In part three, I will cover the complication that powering down adds, requiring an average of 13-weeks of price data from the future to value SP currently, providing another reason why "valuation at the time of acquiring" is nonsensical.

In part four, I hope to give my own take on a fair way to file one's Steemit taxes. Those that I haven't yet bored to tears will hear all about the excitement of "qualified dividends being taxed at the capital gains rate".

IMPORTANT NOTE: I do not advise making tax decisions based on this post. The IRS is an unconstitutional organization that most closely resembles the authority of a fascist state. You are guilty until proven innocent. You don't want to be a trend-setter in this area unless you have a legal team. I expect that whoever blazes the courtroom trail using these arguments will be bullied and potentially jailed.
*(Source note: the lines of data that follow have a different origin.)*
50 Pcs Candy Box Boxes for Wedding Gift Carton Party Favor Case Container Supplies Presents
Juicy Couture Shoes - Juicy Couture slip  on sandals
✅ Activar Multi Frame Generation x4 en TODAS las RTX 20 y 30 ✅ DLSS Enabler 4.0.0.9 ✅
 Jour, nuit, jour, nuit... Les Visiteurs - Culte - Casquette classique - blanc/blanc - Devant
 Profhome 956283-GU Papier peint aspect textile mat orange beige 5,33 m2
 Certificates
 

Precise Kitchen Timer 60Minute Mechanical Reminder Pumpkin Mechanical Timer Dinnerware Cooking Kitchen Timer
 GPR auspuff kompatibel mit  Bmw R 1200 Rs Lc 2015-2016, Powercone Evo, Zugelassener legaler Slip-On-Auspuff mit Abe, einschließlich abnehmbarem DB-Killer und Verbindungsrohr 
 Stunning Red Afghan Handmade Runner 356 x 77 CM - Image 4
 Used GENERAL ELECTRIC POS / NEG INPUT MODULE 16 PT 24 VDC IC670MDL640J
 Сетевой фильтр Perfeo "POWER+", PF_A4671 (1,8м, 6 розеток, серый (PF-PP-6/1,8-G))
You must maintain a consistent tax reporting strategy that is internally logical and consistent if you wish to rely on the "good faith" clause to avoid penalties in the future:

"IRC 6664(c) provides a reasonable cause exception to the penalties under IRC 6662 and IRC 6663 where the taxpayer had reasonable cause and the taxpayer acted in good faith. The reasonable cause exception in IRC 6664(c) applies to all of the components of the accuracy-related penalty on underpayments and the fraud penalty, except for any portion of an underpayment that is attributable to one or more transactions lacking economic substance as described in IRC 6662(b)(6), or that is attributable to a gross valuation overstatement with respect to charitable deduction property. In addition, there are special reasonable cause rules outlined in IRC 6664(c)(3) for certain substantial valuation overstatements."

Tag @exyle, you're it! Sorry it took so long and I copped out by 4-part'ing it.

IMPORTANT NOTE AGAIN: I AM NOT A PRACTICING ACCOUNTANT. YOUR TAXING AUTHORITY IS PRACTICALLY ABOVE THE LAW. PROCEED AT YOUR OWN RISK WITH ALL TAX LIABILITY REDUCTION STRATEGIES. DO NOT BE THE GUY IN JAIL BECAUSE SOME DUDE WITH A LINK TO A FUTURAMA CLIP RANTED ABOUT TAXES TO YOU ON SOCIAL MEDIA. YOU CAN'T "FIGHT THE MAN" FROM PRISON.